Anger Management: Check out the following ways on how to control anger?

  1. Whenever you feel angry, take a few deep breaths. Mindful breathing has a host of benefits, including regulation of bodily functions, an increase in good biochemical levels, and, most importantly, it clears the mind. It helps in bringing attention to oneself and how and what they really feel.
  1. Meditation and other mindfulness practices are helpful in controlling anger. With regular practice, one can master the art of meditation easily. There are a lot of ways to do it and they all have some kind of benefits. Meditation helps to manage the chaos of “thinking and planning” in the head and helps people to be centered and present in the moment.
  1. If one feels a sudden burst of anger towards something or someone, counting down from 10 to 1 is a very beneficial practice. It helps the individual think rationally, calm down, and attend to the person or issue or situation more calmly and critically. 
  1. Stretching and exercising regularly can help anyone in managing their anger. With regular exercise, the pent up energy in the body finds a way out. Any irritation or bodily discomfort is soothed and managed by exercise. This ultimately means that the body is better prepared to take on stress and won’t snap easily.
  1. Listening to music is one of the best things one can do. Music has been proven to be a therapeutic tool to deal with anger. Some favorite and calm, soothing tunes can help the individual feel the extent of anger and help in letting it go. Listening to music in an emotionally choked up state can prove to be cathartic.
  1. If there is a fight between individuals and things start heating up, it is better to hold your tongue. If one stops talking, it means that they are thinking. If two people just angrily keep talking to each other, the anger is bound to increase. If both of them keep quiet, there are chances they will calm down in some time by themselves. At least they won’t be instigating one another.
  1. Writing about the things that are potential triggers of anger is one way to prepare for the event of anger. If an individual is prepared and knows what triggers them to get angry, they can select their responses towards the triggers beforehand. It makes them best suited to deal with any unfortunate events that might come their way.

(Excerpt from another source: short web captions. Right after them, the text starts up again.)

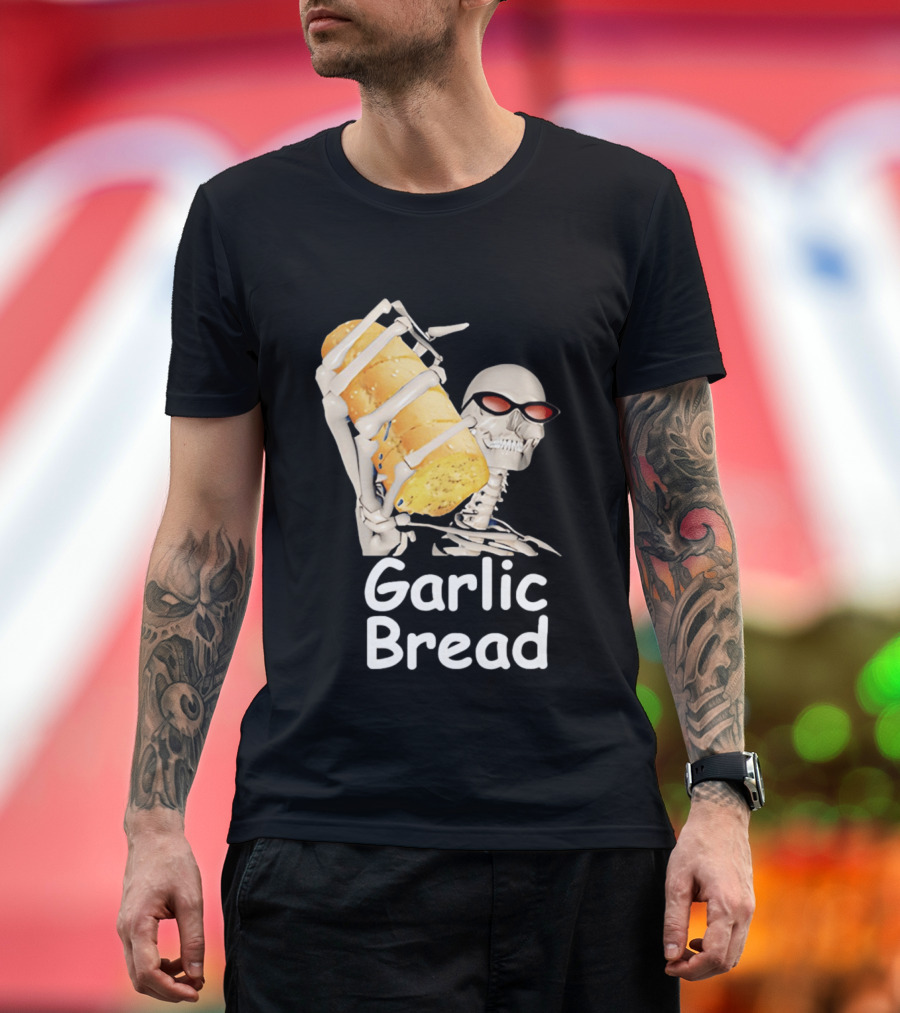 Skeleton Holding Baguette Garlic Bread Wearing Sunglasses T-Shirt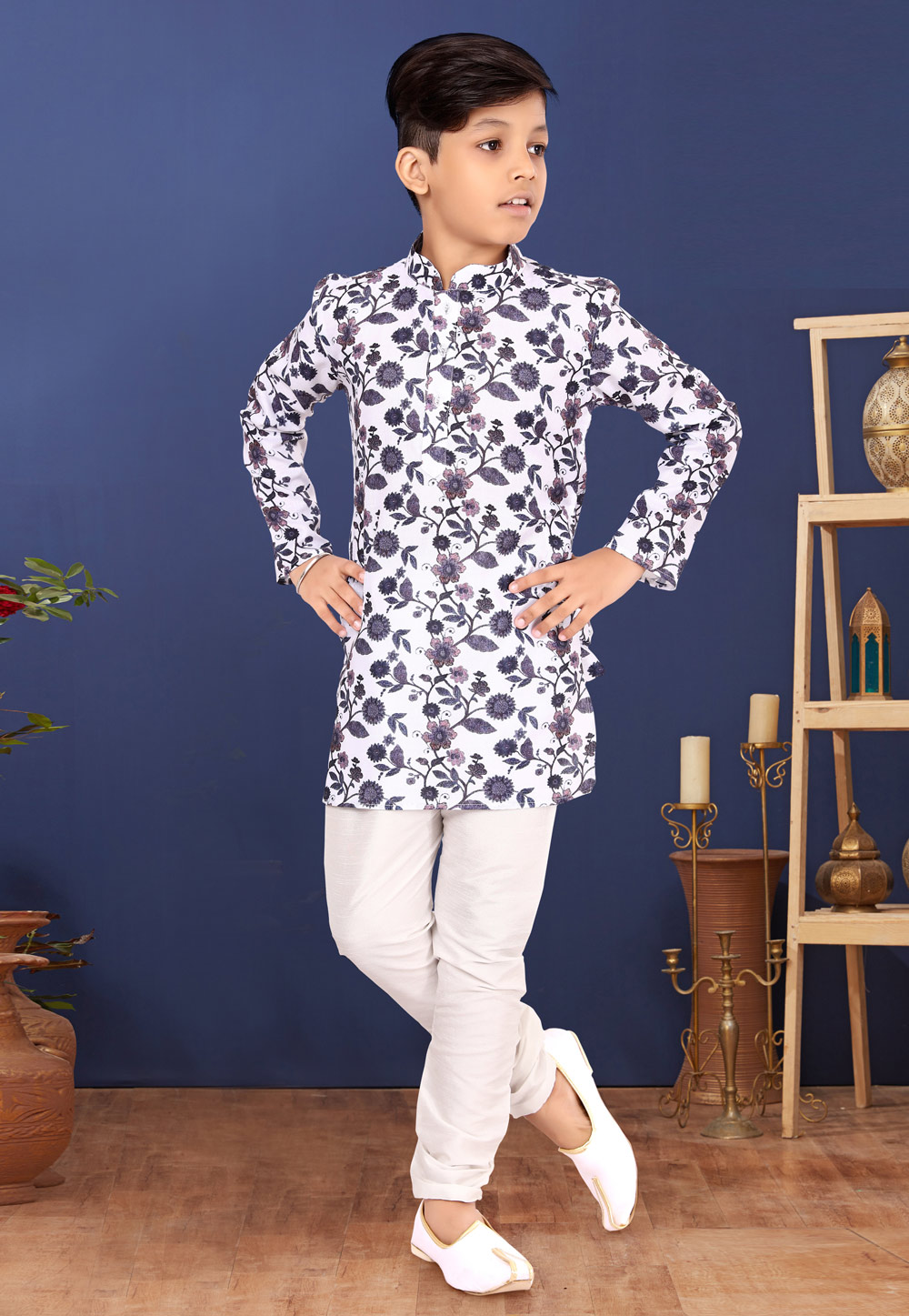 White Cotton Kids Kurta Pajama 271955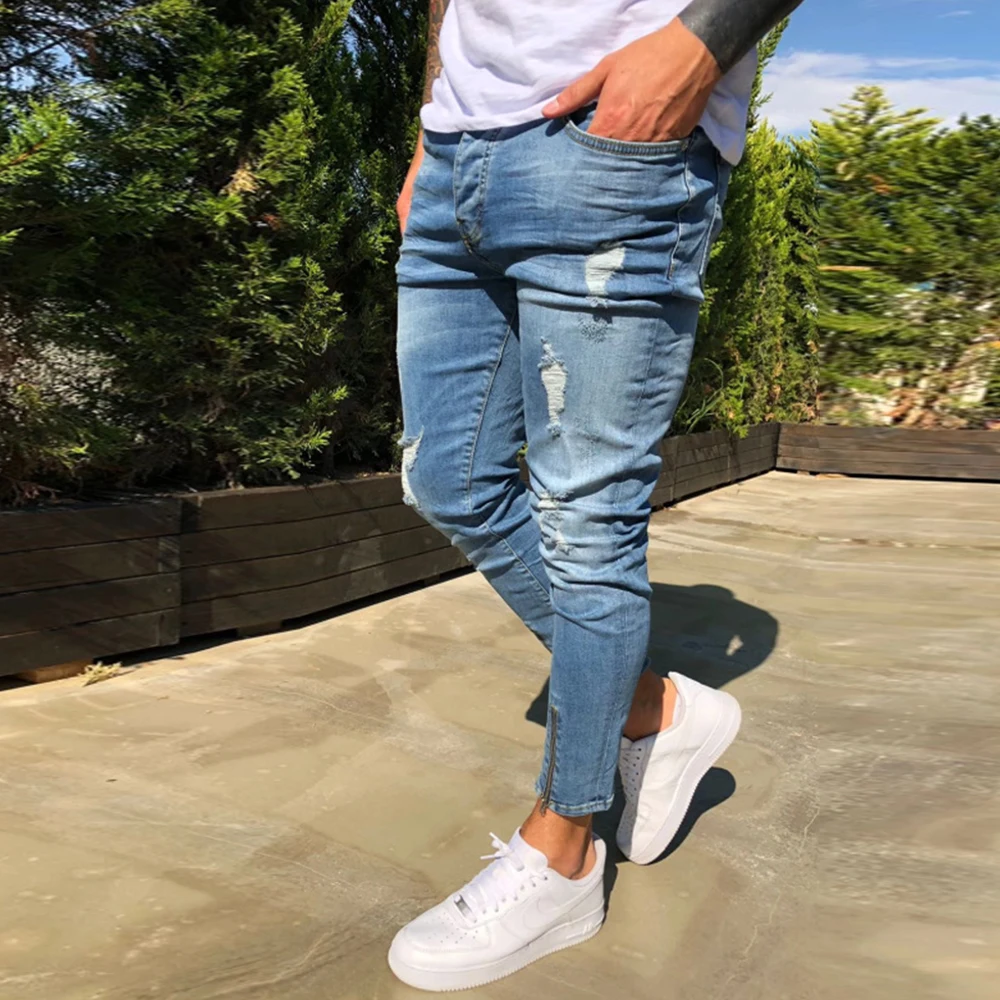 Мужские винтажные джинсы со средней посадкой рваные уличные мужские на молнии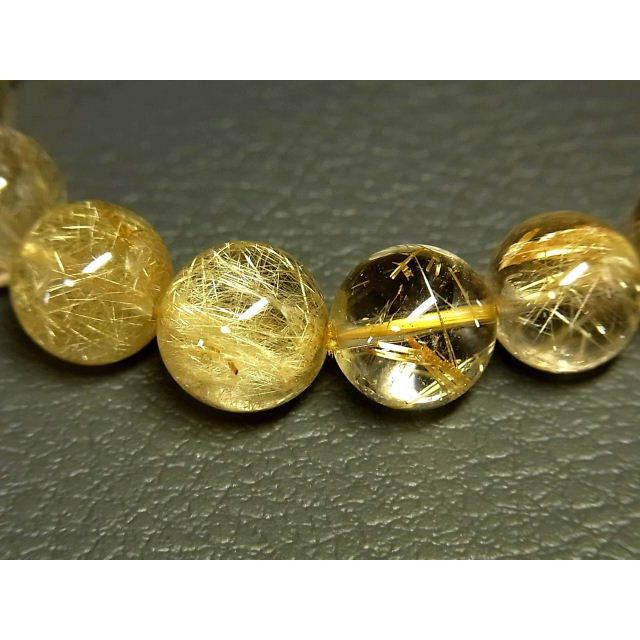 パワーストーン 天然石 高透明 タイチンルチル ルチルクォーツ 水晶ブレスレット 11〜11.5mm TRB1483 【Felistone】の画像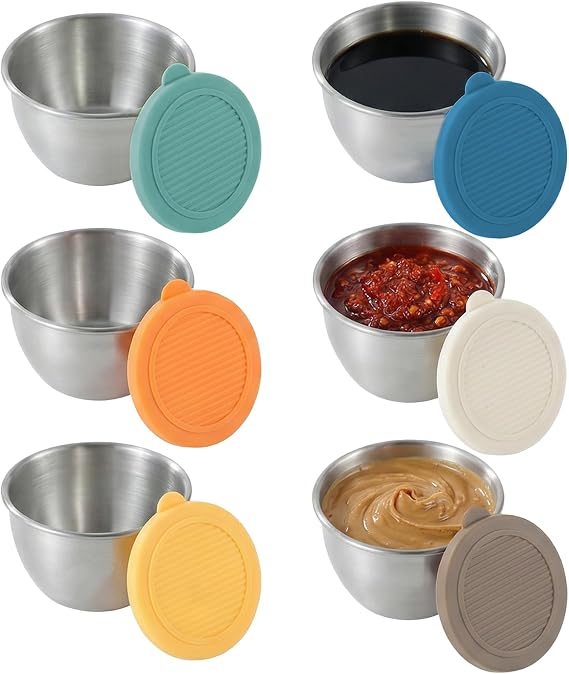 Salad Dressing Container to Go, 6pcs 70ml Stainless Steel, Lids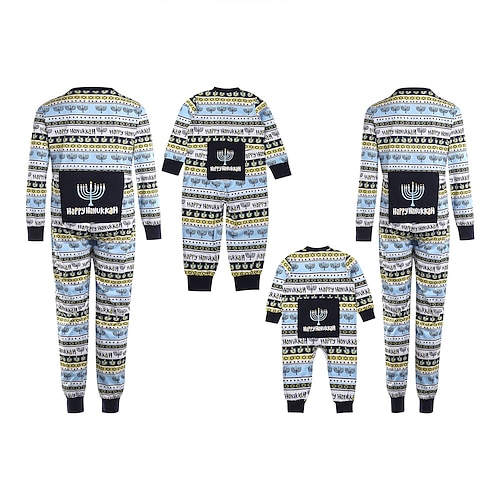 

Christmas Pajamas Family Graphic Stripe Home Blue Long Sleeve Basic Matching Outfits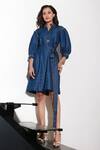 Echke_Blue Cambric Solid Stand Collar Short Dress _Online_at_Aza_Fashions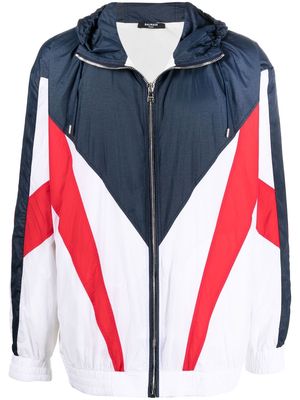 Balmain colourblock hooded sports jacket - Blue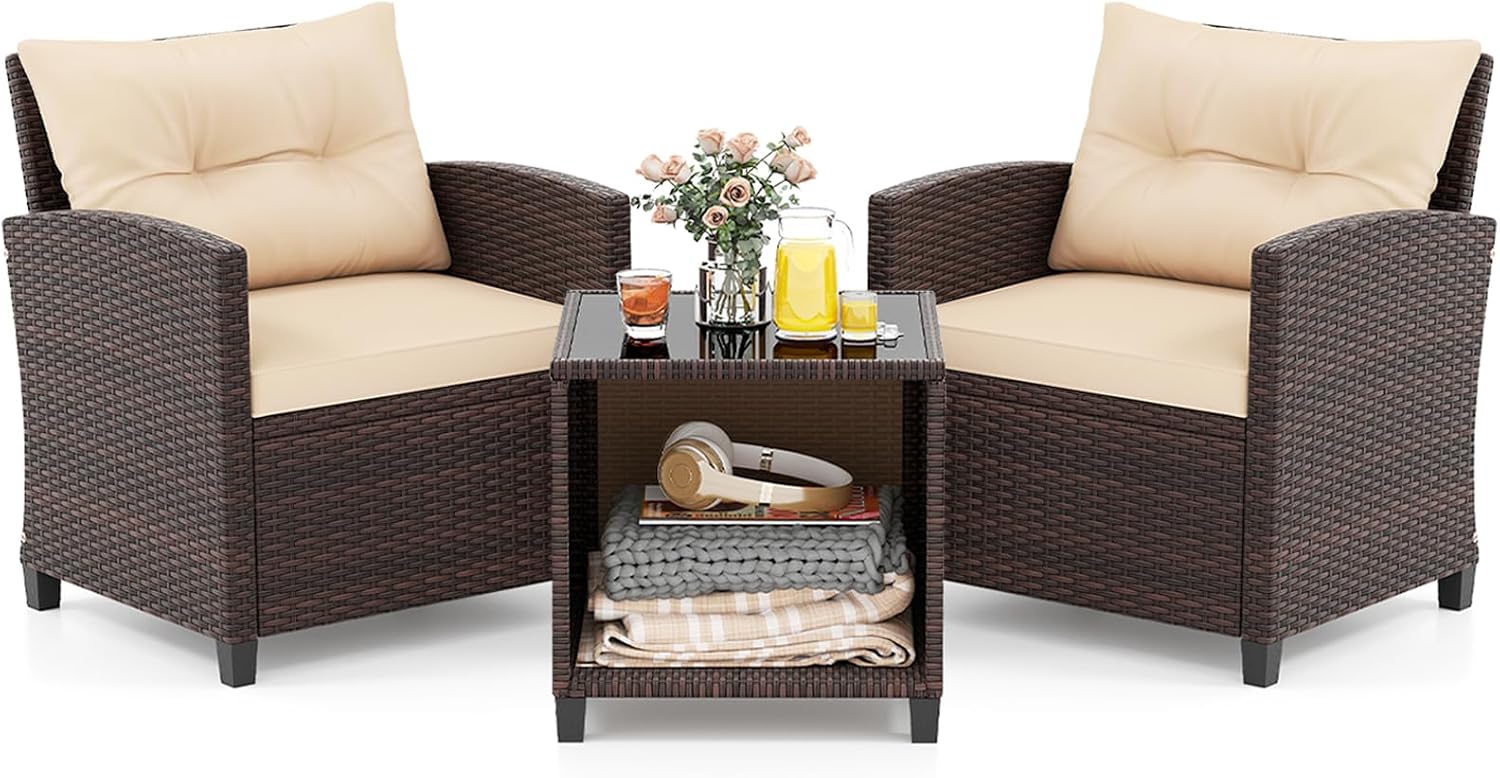 KOTEK 3 Piece Patio Furniture Set, Outdoor Conversation Set with Washable Cushions & Storage Table, PE Rattan Wicker Bistro Set for Porch, Backyard, Balcony (Beige)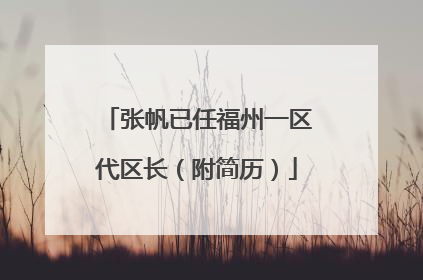 张帆已任福州一区代区长（附简历）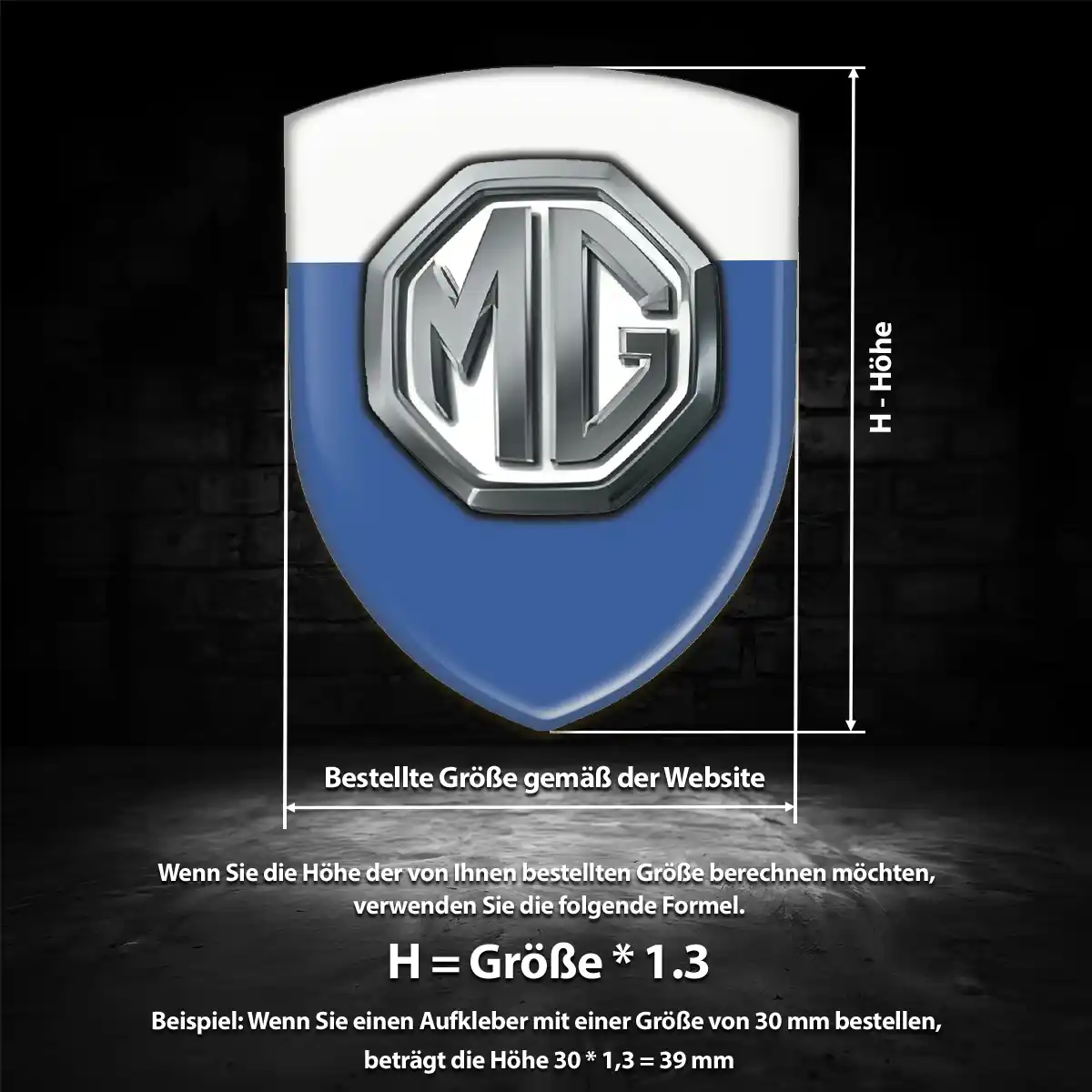 MG Emblem Aufkleber Auto Luxus-Edition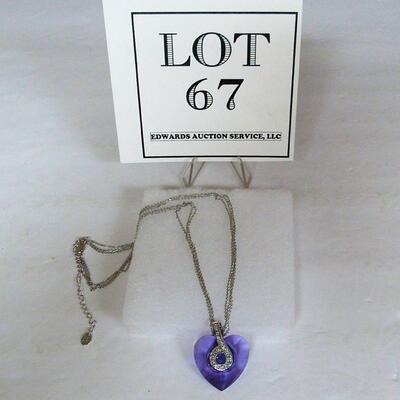 Lavender Colored Heart On Multi Strand 925 Silver Chain With Chain Extender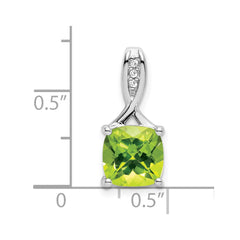 14k White Gold Cushion Peridot and Diamond Pendant - 7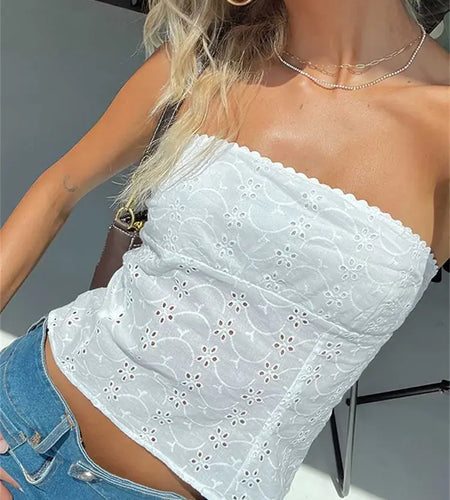Floral Hollow Out Tube Top for Chic Women
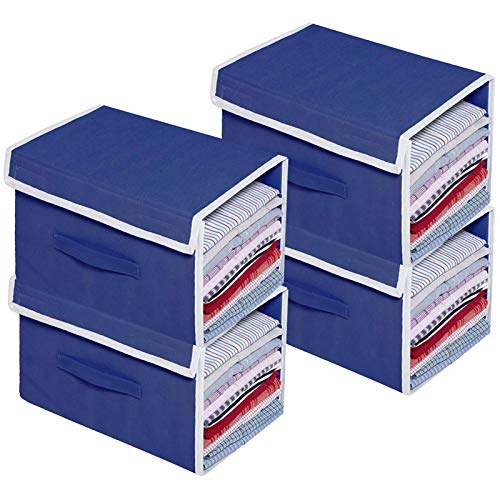 HomeStrap Stackable Shirt Organizer with Cover Lid Non Woven Navy Blue 4PC - Image 1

  1. Talking to a confidante, a friend, or even a mentor can be cathartic as well as beneficial in the long term. Their valuable suggestions and advice can clear the confusion in mind. They can take care of the anger and transform it into a learning experience. They can comfort the angry person and make sure that they calm down.
  1. Research has proven that practicing gratitude makes the person better equipped to deal with anger. A lot of anger or resentment is born out of things that are ‘unreachable’ or ‘unexpected.’ By practicing gratitude towards the things that are available or the people or resources around, one is happier, stress-free, and grateful because they can see how much they have, instead of focusing on the things they don’t.
  1. Creative arts such as painting, sketching, dancing, and making music can help an individual channel that energy of anger into something productive. The energy that is troubling when left inside can prove to be beneficial if applied to something creative.

Follow the above ten steps on anger management and you can deal with your anger efficiently.